Soixante-douze ans après le massacre de Katyn, au cours duquel 22 000 officiers polonais avaient été exécutés par l'armée soviétique, la CEDH a condamné la Russie pour non-respect des droits de leurs descendants.
REUTERS - Soixante-douze ans après l’exécution de près 22.000 officiers polonais par l’armée soviétique à Katyn, près de Smolensk, la Cour européenne des droits de l’homme a condamné lundi la Russie pour non respect des droits de leurs descendants.
La juridiction du Conseil de l’Europe, saisie par quinze citoyens polonais, estime que la Russie a infligé un traitement inhumain » à dix d’entre eux, qui étaient de très proches parents des victimes, que la Russie n’a jamais informés du destin de leur père ou époux.
Ils ont subi un double traumatisme : ils ont perdu leurs proches pendant la guerre et, pendant plus de 50 ans, n’ont pu découvrir la vérité sur ces décès parce que les autorités communistes soviétiques et polonaises avaient déformé les faits historiques », affirme la Cour.
Le gouvernement polonais s’est félicité de la décision des juges de Strasbourg.
« Le fait que le massacre de Katyn soit désormais reconnu comme un crime de guerre dans la jurisprudence internationale est un fait important », a estimé à Varsovie Marcin Bosacki, porte-parole du ministère des Affaires étrangères.
Si la Russie post-soviétique a finalement ouvert une enquête sur le massacre, en 1990, la décision de la clore, en 2004, n’a jamais été rendue publique.
La Cour se dit « frappée par l’évidente réticence des autorités russes à admettre la réalité du massacre de Katyn ».
L’attitude russe atteste, selon elle, d’un « franc mépris pour les préoccupations des requérants et d’une tentative délibérée de jeter la confusion sur les circonstances ayant mené au massacre de Katyn ».

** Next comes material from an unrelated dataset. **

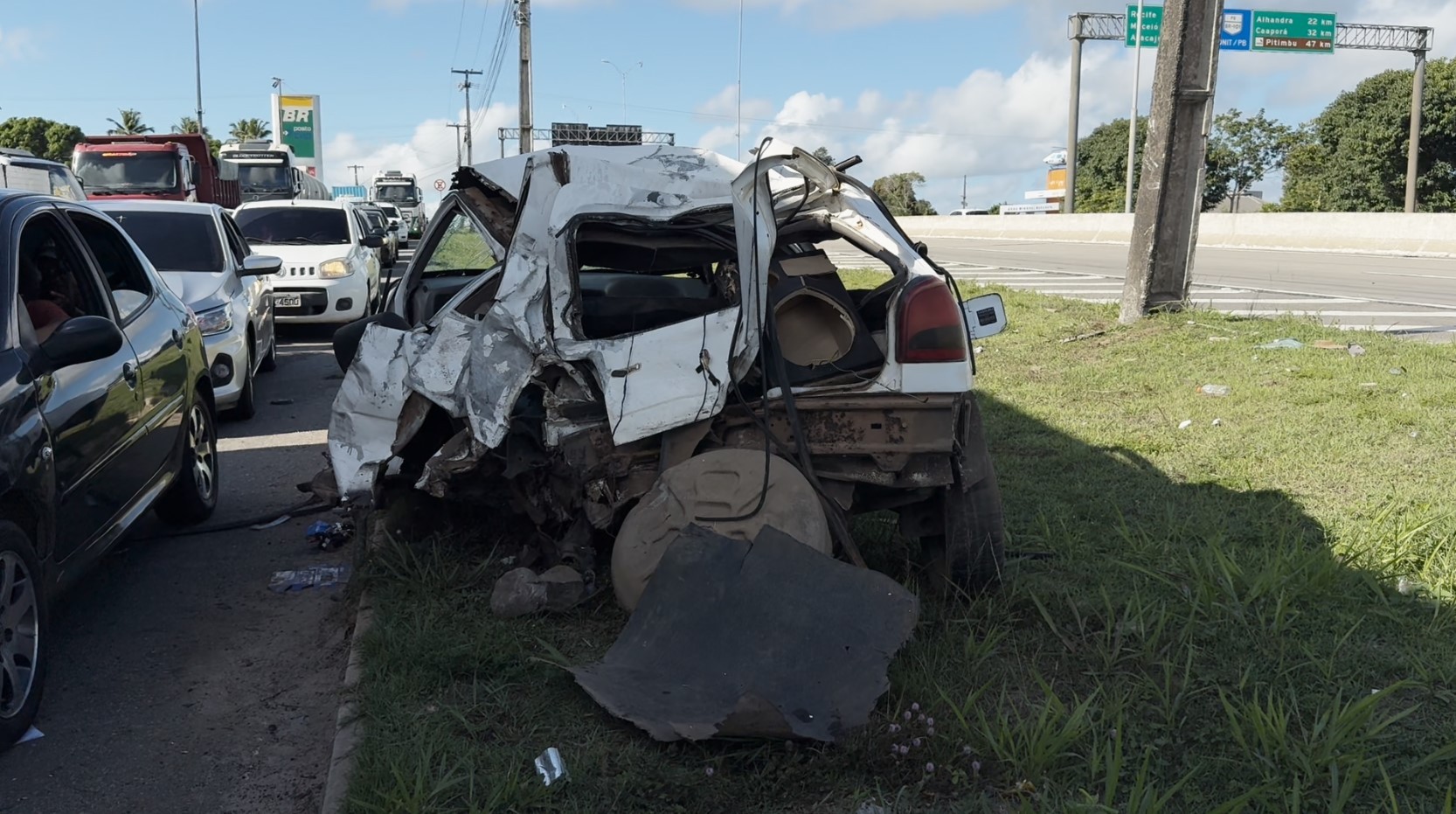 Mulher morre atropelada após acidente entre carro e van, na BR-101, na PB
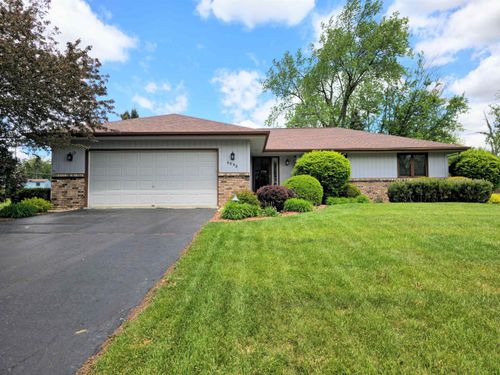 6090 Chatsworth Dr, Rockford, IL, 61109-1865 | Card Image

Face au refus de la Russie de lui communiquer à elle-même la décision de 2004, la Cour condamne également Moscou pour manquement à son obligation de coopérer avec elle.
Condamnation symbolique
La Russie a néanmoins estimé que l’arrêt de la Cour lui était favorable sur le point, essentiel à ses yeux, d’une éventuelle réouverture de l’enquête.
La Cour de Strasbourg n’était pas habilitée à se prononcer sur les faits eux-mêmes, antérieurs à la Convention européenne des droits de l’homme, adoptée en 1950, au lendemain de la Seconde Guerre mondiale, et à sa ratification par la Russie, en 1998.
Tout en affirmant le caractère imprescriptible de ce « crime de guerre » et l’obligation qui en découle, pour Moscou, de mener une enquête à son sujet, elle ne se prononce pas sur le caractère « effectif » de celle-ci, l’essentiel de la procédure s’étant déroulé avant cette dernière date.
« Ce point aurait été considéré comme une pression sur la Russie », a dit à l’agence Interfax Andrei Fedorov, un représentant du gouvernement russe.
La condamnation de la Russie, qui est susceptible d’appel, a une portée essentiellement symbolique, en l’absence de dommages alloués aux requérants.
Mais c’est la première fois qu’une juridiction internationale était amenée à se prononcer sur l’anéantissement en 1940 de l’élite de la nation polonaise, un crime de guerre dont Moscou a pendant cinquante ans accusé l’Allemagne hitlérienne.
Il a fallu attendre 1990 pour que le dernier dirigeant de l’URSS, Mikhaïl Gorbatchev, admette la responsabilité du NKVD, la police secrète de Joseph Staline.
La Douma d’Etat, la chambre basse du Parlement russe, a adopté en novembre 2010 une résolution selon laquelle les documents conservés dans les archives secrètes du Kremlin prouvent que Staline a bien ordonné personnellement ce massacre.